Zoinks Scoob! Boston Dynamics Spot Robot Dog Just Learned To Talk With ChatGPT

hero boston dynamics talking robot dog
A dog is man's best friend, or in the case of Boston Dynamic's robot dog Spot, everyone's best tour guide. The company utilized ChatGPT to create multiple personalities for Spot that use a Visual Question Answering (VQA) or "captioning" model to describe various objects in the environment and then elaborate on those descriptions using a Large Language Model (LLM), among other activities.

It is no secret that many tech companies are looking for more ways to use AI to enhance products. In the case of Boston Dynamics, the company looked toward generative AI and explored how LLMs work to see how they might impact robotics development. During the research phase, the company put together some proof-of-concept demos using Foundational Models (FMs) for robotics applications and expanded on them during an internal hackathon. One demo that shined a bit brighter than others was a demo using FMs that utilized Spot as an autonomy tool.

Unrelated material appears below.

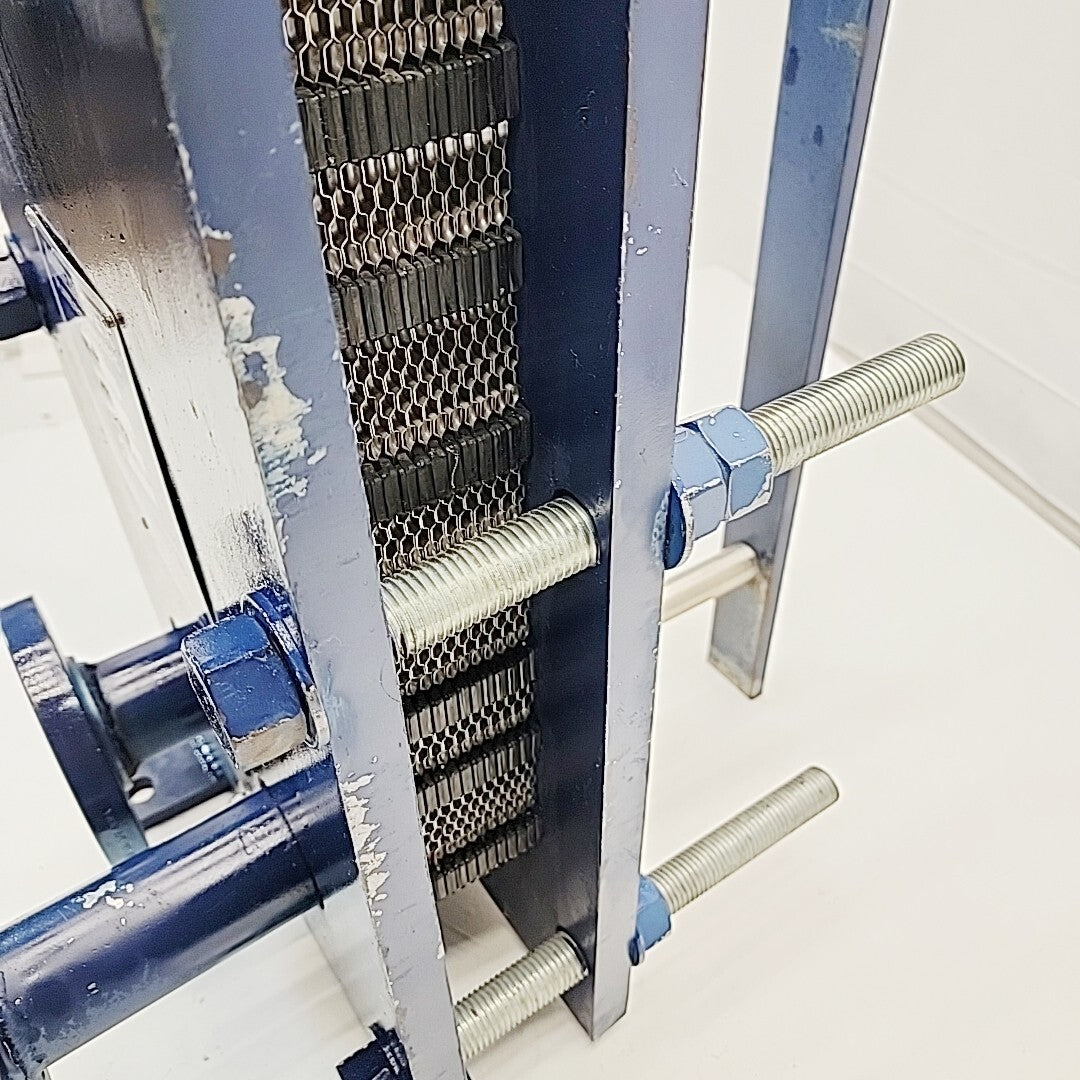 Ameridex X-15 Heat Exchanger 28 Plates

Along with being able to identify objects in its environment and elaborate on them, Spot is also capable of fielding questions and planning what actions it should take next. Boston Dynamics describes the LLM as being like an improv actor, with the team providing broad strokes script and the LLM filling in the blanks on the fly.

The team understood that the LLM is infamous for hallucinating and adding plausible-sounding details without fact-checking. However, in the case of Spot, the tour guide, the team wasn't worried about factual accuracy. The aim was for the robot dog to be entertaining, interactive, and nuanced.

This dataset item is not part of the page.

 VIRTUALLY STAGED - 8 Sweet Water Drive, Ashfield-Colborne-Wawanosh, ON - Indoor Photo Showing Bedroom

Spot's conversation skills were made possible by the usage of OpenAI ChatGPT API, beginning with GPT-3.5 before upgrading to GPT-4 once available. The robot dog's conversation skills are controlled through what the company describes as "careful prompt engineering." The LLM Spot utilizes has access to the company's autonomy SK, a map of the tour site with 1-line descriptions of each location, and the ability to ask questions and say phrases.

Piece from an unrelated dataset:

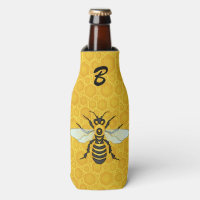 Bienenkraut Monogram Honeybee Beehive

To make Spot interact with its audience and environment, the team integrated VQA and speech-to-text software. It then fed the robot's gripper camera and front body camera into BLIP-2 before running it either in visual question-answering mode or image captioning mode. The process runs about once a second, with results being fed directly into the prompt.

boston dynamics talking robot dog diagram
Hardware setup: 1 – Spot EAP 2; 2 – Respeaker V2; 3 – Bluetooth Speaker; 4 – Spot Arm and gripper camera

The process was not without its surprises, or Ruh Roh moments. One example was when Spot was asked, "Who is Marc Raibert?," and it responded, "I don't know. Let's go to the IT help desk and ask!" For context, Raibert is the Executive Director of the Boston Dynamics AI Institute and former CEO of Boston Dynamics. Another example was when someone asked Spot who its parents were. The robot went to the "old Spots" where Spot V1 and Big Dog are displayed and answered that they were its "elders."

The team was also surprised at how well Spot was able to stay in any one of the characters it had given the robot. One personality was that of a teenager, while another was that of a Shakespearian time traveler. One personality in particular seemed to work very well, that of a sarcastic character named Josh.

Boston Dynamics is excited at the possibilities AI will bring to the world of robotics. It believes that the kind of skill that would enable robots to perform better when working with and around people while utilizing AI is not that far off. Who knows, someone's next tour of a museum may be guided by Spot.